Thousands of wildfires devastate California

Out of control: An unchecked wildfire can spread across 80 acres in a single minute. © Getty

Are California’s wildfires a warning to all of us? As the state fights some of the worst infernos in its history, experts argue that global warming makes them an ever greater threat.

Kathleen Boyne was fast asleep when neighbours woke her to tell her that a wildfire was heading their way. She only had time to grab two treasured books as she rushed for her car. “I thought that I didn’t need everything, because I’d be back in a couple of days.”

She was wrong. Her house, like most of the town, was burnt to the ground; 85 people in the area were killed – victims of one of the worst fires in the state’s history.

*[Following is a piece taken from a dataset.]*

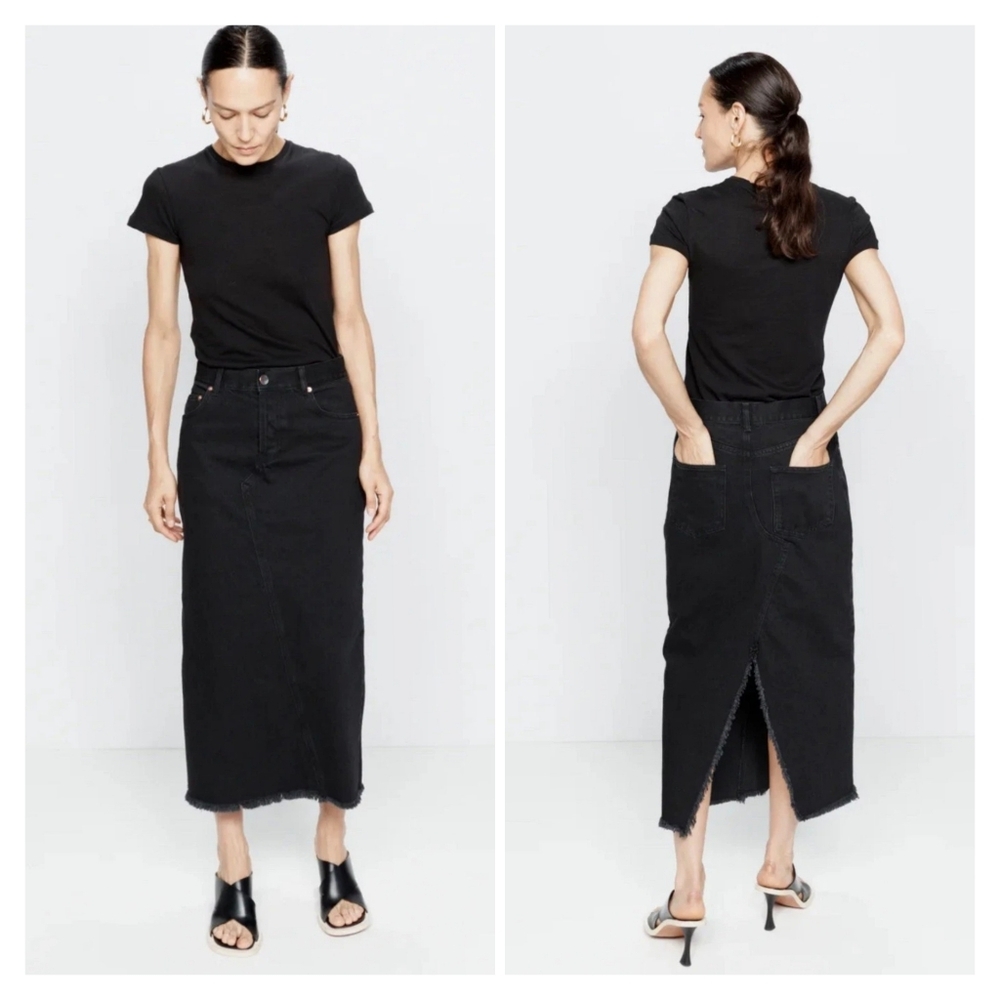 Raey Back Slit Midi Denim Skirt Size 12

Two years on, Californians are facing a familiar threat. Over 16,750 firefighters are battling 29 wildfires that have burned over 2.8 million acres. Hundreds of thousands have been evacuated and more than 4,100 structures destroyed.

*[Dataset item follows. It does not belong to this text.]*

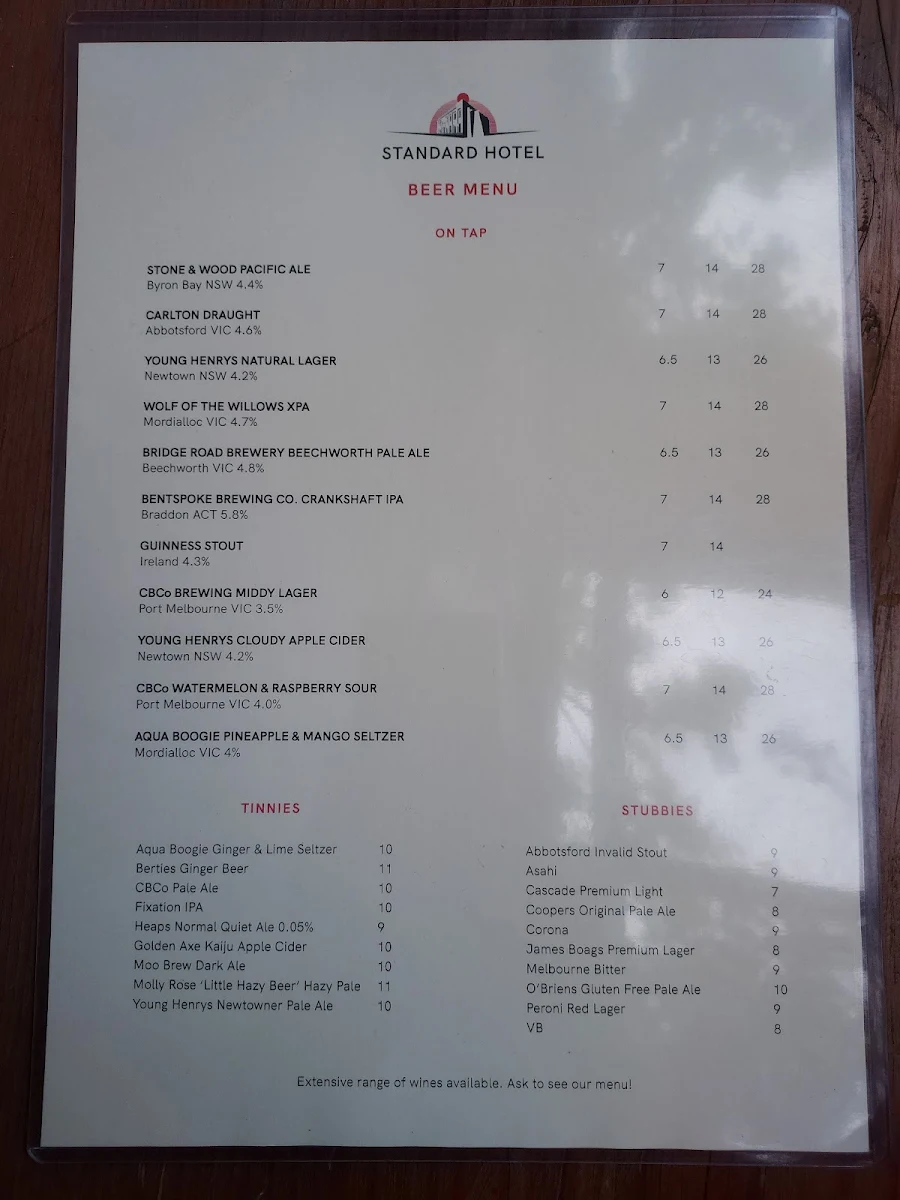 Menu, The Standard Hotel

An estimated 11,000 of the current conflagrations were started by lightning strikes. But experts point to a variety of other reasons for the state’s tragic record.

Climate plays a crucial part. California has hot summers with low rainfall, resulting in dry vegetation providing kindling for fires. The situation is made worse by global warming, which has raised local temperatures by up to three degrees Fahrenheit.

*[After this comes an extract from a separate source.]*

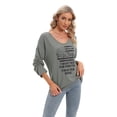 thumbnail image 3 of Aosijia Womens V-Neck Long Sleeve T-shirt American Flag Print Top Loose Casual Blouse Shrits, 3 of 16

It has also disrupted weather patterns, so that a year of extreme rainfall can cause a proliferation of plants, which are then killed by extreme heat – leaving them dried out and ready to burn.

Are California’s wildfires a warning to all of us?

Tinder box

Some say, yes, to the extent that they are the product of climate change, which affects the whole world. California is naturally given to wildfires, but hotter summers have greatly increased their severity.

Others point out that California has some very particular conditions that are not matched by the rest of the world. Paradoxically, its situation is made worse by a successful history of controlling fires; vegetation has survived to provide extra fuel.

You Decide

  1. If you were fleeing a wildfire and only had time to pack 10 items, what would they be?


  1. Draw a map of California showing where the current wildfires started and how they have spread.

Some People Say...

“Sometimes it takes a natural disaster to reveal a social disaster.”

Jim Wallis, American theologian

What do you think?

Q & A

What do we know?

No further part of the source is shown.